ABOUT THIS TASK: First find the line with "cegi-szczypce-dekarskie-blacharskie-kleszcze-210mm", then reproduce it and all following lines of the data to the end, exactly and with no pictures, adding nothing.

[Short descriptive text snippets]

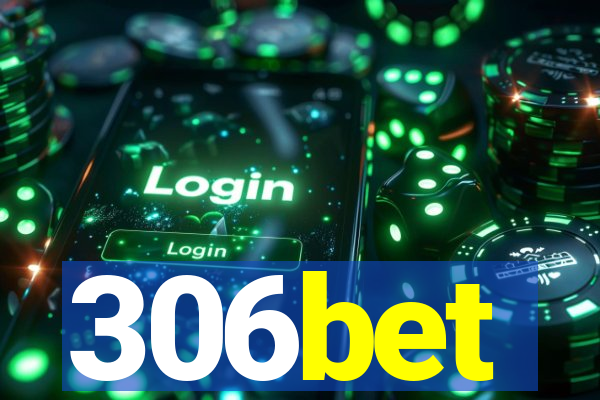 306bet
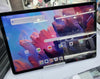 Lenovo Tab P12 (4GB+128GB) 12.6" (No Pen), WiFi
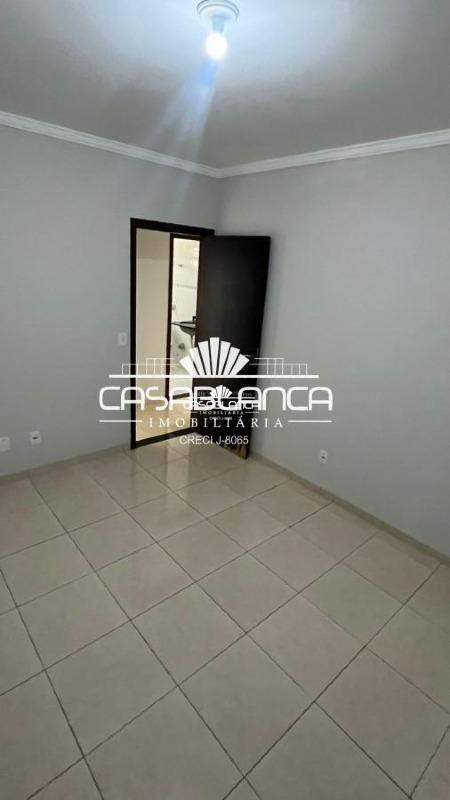 Apartamento para aluguel no CASTELANDIA: 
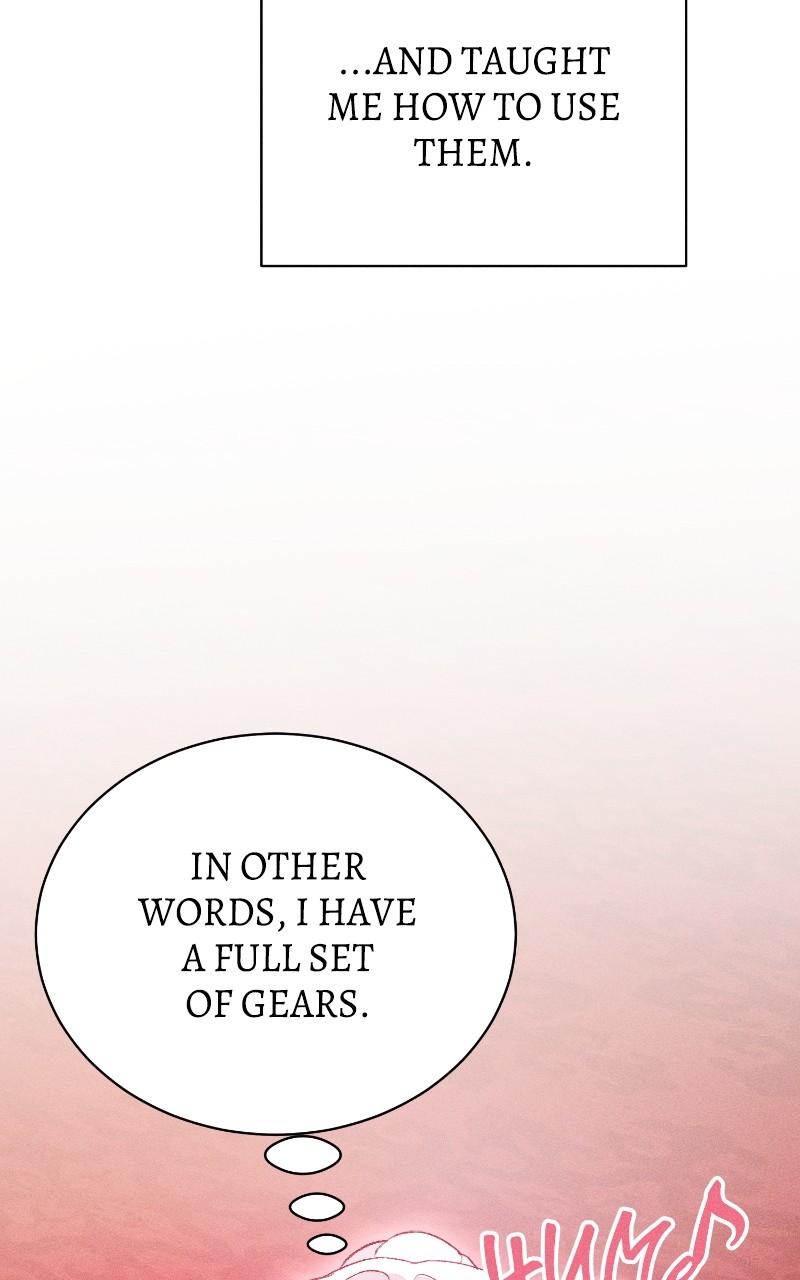 I Will Protect My Tyrant Dad! Chap 18 - Next Chap 19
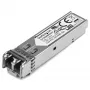 StarTech.com Cisco GLC-SX-MM-RGD compatibele SFP-transceivermodule - 1000BASE-SX~Cisco GLC-SX-MM-RGD compatibele SFP-module - 1000BASE-SX - 1GbE multimode glasvezel MMF-transceiver - 1GE Gigabit Ethernet SFP - LC 550 m - 850 nm - DDM Cisco ASR920, IE2000, IE4000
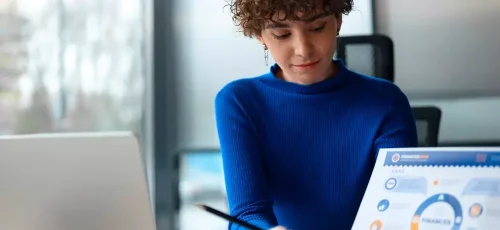 ¿Qué es el Data Mining? Definición y ejemplos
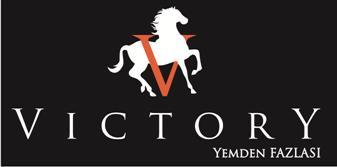 28 Ekim Cumartesi Saat: 08:00 YARIŞMA NO : 13 YÜKSEKLİK : 60 CM KATILIM : PII ve PIII BİNİCİ PONY İLE YENİ BİNİCİLER 4-5 YAŞ HARİÇ HER YAŞ ATLA (PII-PIII) (YENİ BİNİCİLER) YARIŞMA NO : MEGAPOL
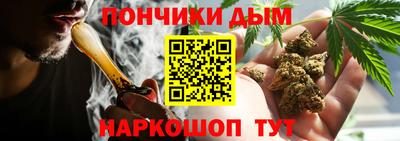 ешки Будённовск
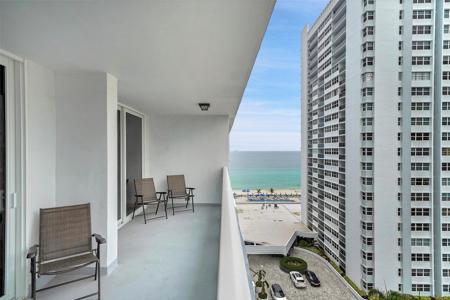1880 S Ocean Dr
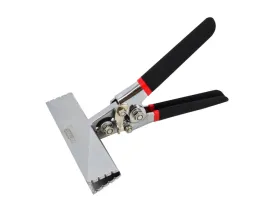 cegi-szczypce-dekarskie-blacharskie-kleszcze-210mm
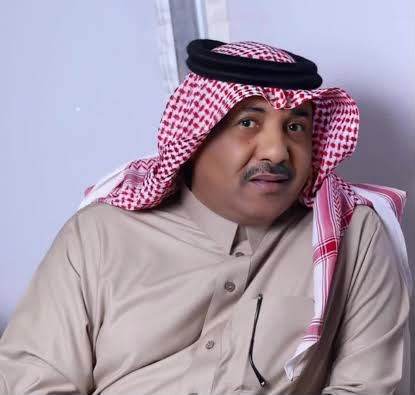 مدير أعمال الفنان حسين العلي يوجّه تنبيهًا للفنانين بشأن حقوق الأعمال الفنية 1 WhatsApp Image 2026 10 15 at 6.07.53 PM
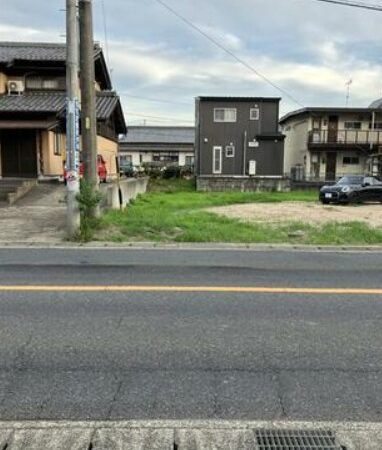 【土岐市土岐口】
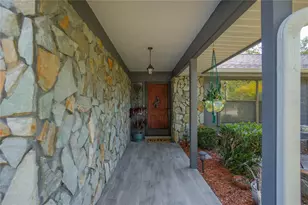 20 Sycamore Ct E, Homosassa, FL 34446 - Photo 8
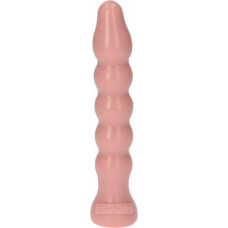 Toyz4Lovers Plug-Italian Cock 5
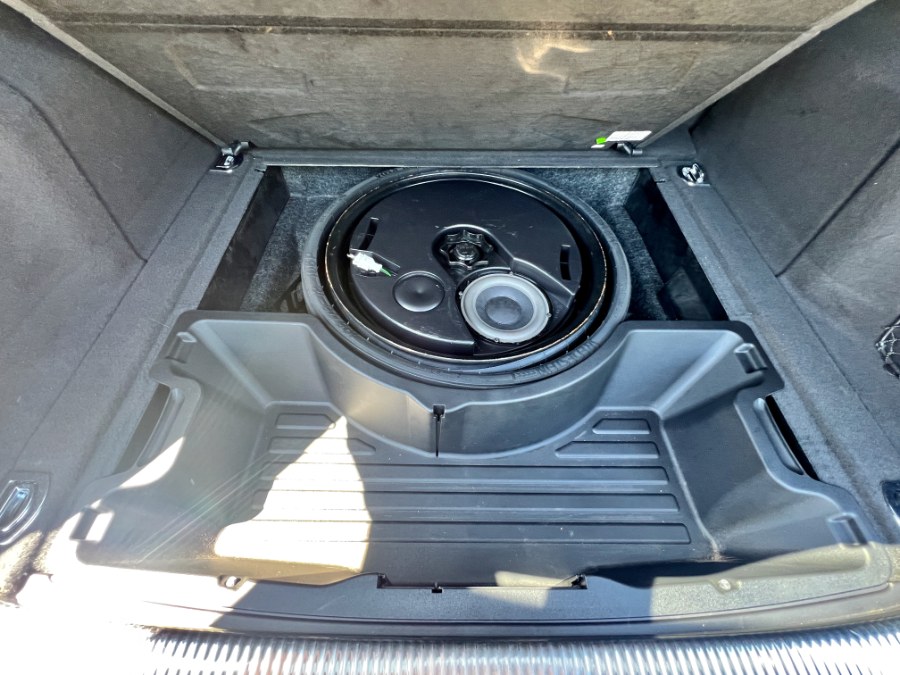 2015 Audi Q5 quattro 4dr 2.0T Premium Plus, available for sale in Manchester, New Hampshire | Second Street Auto Sales Inc. Manchester, New Hampshire 2015 Audi Q5 quattro 4dr 2.0T Premium Plus, available for sale in Manchester, New Hampshire | Second Street Auto Sales Inc. Manchester, New Hampshire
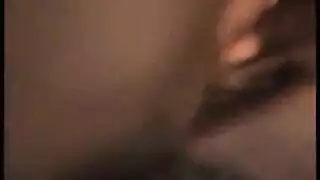 عاهرات المكتب مرهقات ويائسات للقضيب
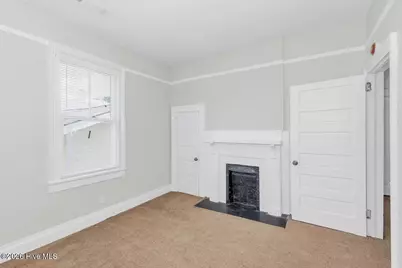 211 Broad Street, Augusta, GA 30901 - Photo 13
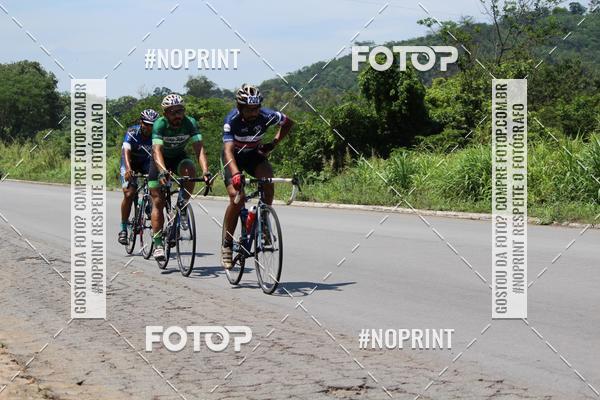 Buy your photos of the eventGP PAR DE MINAS DE CICLISMO ESTRADA 2019 on Fotop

YOUR SOLUTION:
 cegi-szczypce-dekarskie-blacharskie-kleszcze-210mm
 مدير أعمال الفنان حسين العلي يوجّه تنبيهًا للفنانين بشأن حقوق الأعمال الفنية 1 WhatsApp Image 2026 10 15 at 6.07.53 PM
 【土岐市土岐口】
 20 Sycamore Ct E, Homosassa, FL 34446 - Photo 8
 Toyz4Lovers Plug-Italian Cock 5
 2015 Audi Q5 quattro 4dr 2.0T Premium Plus, available for sale in Manchester, New Hampshire | Second Street Auto Sales Inc. Manchester, New Hampshire 2015 Audi Q5 quattro 4dr 2.0T Premium Plus, available for sale in Manchester, New Hampshire | Second Street Auto Sales Inc. Manchester, New Hampshire
 عاهرات المكتب مرهقات ويائسات للقضيب
 211 Broad Street, Augusta, GA 30901 - Photo 13
 Buy your photos of the eventGP PAR DE MINAS DE CICLISMO ESTRADA 2019 on Fotop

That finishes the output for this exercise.